Over the centuries since Aesop, animals have come to be seen as belonging to the realm of children; and Aesop’s fables have been subjected to a Victorian kind of simplistic, tacked-on moralizing. But these Classical Greek fables are subversive political critiques from a voice of the lower classes.

It is not certain if Aesop really existed. Greeks in the fifth century bce thought of him as an early sixth-century fabulist. The historian Herodotus claimed Aesop was from Phrygia or Lydia and served as a slave in Samos — the kind that comes from captivity rather than from birth. Legend had it that he was ugly and had a speech impediment, that he was freed by his master Iadmon due to his wit. Legend also says that he was condemned to death for sacrilege, or that a crowd of angry Delphians framed him for theft by planting a gold bowl on him and killed him by throwing him off a cliff into the sea. (Aristophanes in The Wasps alludes to this popular belief.)

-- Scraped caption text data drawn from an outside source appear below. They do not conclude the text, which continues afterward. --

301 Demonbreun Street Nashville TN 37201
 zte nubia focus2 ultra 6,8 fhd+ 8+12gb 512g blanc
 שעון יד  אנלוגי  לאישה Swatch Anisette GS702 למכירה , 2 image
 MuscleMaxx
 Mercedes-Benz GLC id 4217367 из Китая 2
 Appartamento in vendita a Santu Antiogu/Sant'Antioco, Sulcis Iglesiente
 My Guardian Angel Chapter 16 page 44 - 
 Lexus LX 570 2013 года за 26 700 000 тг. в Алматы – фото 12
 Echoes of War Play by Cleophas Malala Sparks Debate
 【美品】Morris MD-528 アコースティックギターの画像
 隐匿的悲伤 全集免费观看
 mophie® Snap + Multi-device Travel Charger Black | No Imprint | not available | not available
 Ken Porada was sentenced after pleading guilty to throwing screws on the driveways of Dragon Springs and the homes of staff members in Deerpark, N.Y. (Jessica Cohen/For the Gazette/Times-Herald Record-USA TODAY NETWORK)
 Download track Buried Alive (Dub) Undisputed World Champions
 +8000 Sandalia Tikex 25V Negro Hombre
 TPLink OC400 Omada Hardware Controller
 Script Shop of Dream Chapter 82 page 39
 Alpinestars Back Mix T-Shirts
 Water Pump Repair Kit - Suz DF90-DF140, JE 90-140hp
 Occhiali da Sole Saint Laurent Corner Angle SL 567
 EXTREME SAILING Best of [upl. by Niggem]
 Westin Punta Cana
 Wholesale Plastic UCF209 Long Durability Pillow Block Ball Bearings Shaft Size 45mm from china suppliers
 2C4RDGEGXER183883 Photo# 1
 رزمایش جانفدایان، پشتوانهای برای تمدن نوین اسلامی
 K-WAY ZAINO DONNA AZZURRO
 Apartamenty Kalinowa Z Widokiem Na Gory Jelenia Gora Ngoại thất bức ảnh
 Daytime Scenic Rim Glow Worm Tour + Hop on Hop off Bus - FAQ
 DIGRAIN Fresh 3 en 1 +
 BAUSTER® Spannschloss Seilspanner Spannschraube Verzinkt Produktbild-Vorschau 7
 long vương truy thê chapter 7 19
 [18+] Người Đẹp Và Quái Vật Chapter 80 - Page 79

Nor is it known to what extent the fables that survive represent his original work, which would have been passed down orally, even though the later playwrights must be referring to a written collection. Latin and Greek collections in the first centuries AD are the first surviving texts, although it seems that some bits were written down around 300 BCE. The often strained, irrelevant, or cheesy morals tacked on were added in the Middle Ages.

For all their entertainment value, the world characterized in the fables is pretty nasty: “the fables are not the pretty purveyors of Victorian morals that we have been led to believe. They are instead savage, coarse, brutal, lacking in all mercy and compassion, and lacking also in any political system other than absolute monarchy. With one exception the kings are tyrants” (Temple xvi). The powerful are predatory. And “Though Aesop clearly sided with the oppressed creatures (i.e., the slaves and the common people), he often showed how the victims victimized themselves through stupidity” (Zipes 281). “Clearly, the narrative strategy of a fable is to demonstrate how the weak and weak-minded will be exploited and destroyed if they do not learn how to fend for themselves” (Zipes 276). “The pungent American description of life, ‘It’s a jungle out there!’ could be taken as the motto of Aesop” (Temple xxiii).

Among the most famous of the fables are “The Fox and the Grapes,” “The Hare and the Tortoise,” and “The Country Mouse and the City Mouse.” Lions, wolves, foxes, and jackasses appear frequently.

Most will remember Aesop’s story of “The Ants and the Grasshopper” as a moral tale of an idle grasshopper playing and being generally worthless while the ants toil doggedly, until a season when food is scarce and the grasshopper realizes that the prepared ants had the right attitude about life all along. Take another look at this story. Unlike the cartoony kiddie books that start with the backstory, Aesop confronts us immediately with “a cold, frosty day” and “A grasshopper, half-dead with hunger” who “asked the ants for a morsel to save his life.” I know what you did last summer, remark the ants, somewhat sanctimoniously: “as they laughed and shut their storehouse, ‘since you kept yourself busy by singing all summer, you can do the same by dancing all winter.'” Forget the puritanical cartoon moral; consider this story as a slave parable concerning the workers vs. the privileged! And what are the consequences? Not simply a bitter lesson learned, but apparently starvation!


Works Consulted

Aesop. The Complete Fables. Trans. Olivia and Robert Temple. NY: Penguin Books, 1998.

Aesop. Fables. Trans. George Fyler Townsend. http://www.literature.org/authors/aesop/fables/

Aesop’s Fables. Ed. Jack Zipes. NY: Penguin Books, 1992.

Wilkie, Brian, and James Hurt, eds. Literature of the Western World, Volume 1. 5th edition. Upper Saddle River, NJ: Prentice-Hall, Inc., 2001. 595-611.